From this blog, Jan. 7, 2011: Playoffs and rocking chairs
Some lady working on the assembly line at the Acme Rocking Chair Co. hasn’t seen a raise in eight years and her boss keeps telling her that she’s got to increase the product-units-per-hour beyond all reasonable expectation of quality. Every incentive, every instruction Acme Rocking Chair is giving her demands that she lower her standards for quality and accept that it is now her job to crank out crappy chairs.But somehow she has got it in her head that she doesn’t really work for the Acme Rocking Chair Co. The way she thinks of it, she works for the person who will one day sit in that chair she’s making. And unlike the Acme Rocking Chair Co., that person has never treated her badly.

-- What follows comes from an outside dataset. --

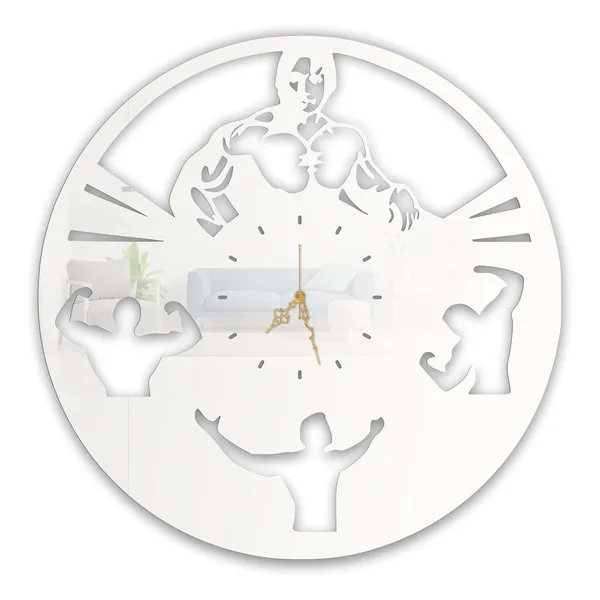 White_Muscle_Champion_Wall_Clock_Metal_Built_Ultra_High_Gloss_Silent_Non_Ticking_Movement_Fitness_Wall_Decor_Gym_Room_Living_Room_Bedroom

It strikes her as wrong somehow — morally wrong — to provide a crappy chair for that person.
So she works twice as hard for the same pay and bites her lip. And whenever she gets another memo from Mr. Acme informing her that product-units-per-hour must yet again be increased, she thinks, “Screw you — I’m going to keep making good chairs, the best chairs I can, no matter what you tell me, you dim-witted, overpaid moron.” And exactly that — her perverse, rebellious commitment to doing good work as a way of doing justice for the customer and simultaneously flipping off the bosses — that’s pretty much all that’s keeping corporate America afloat.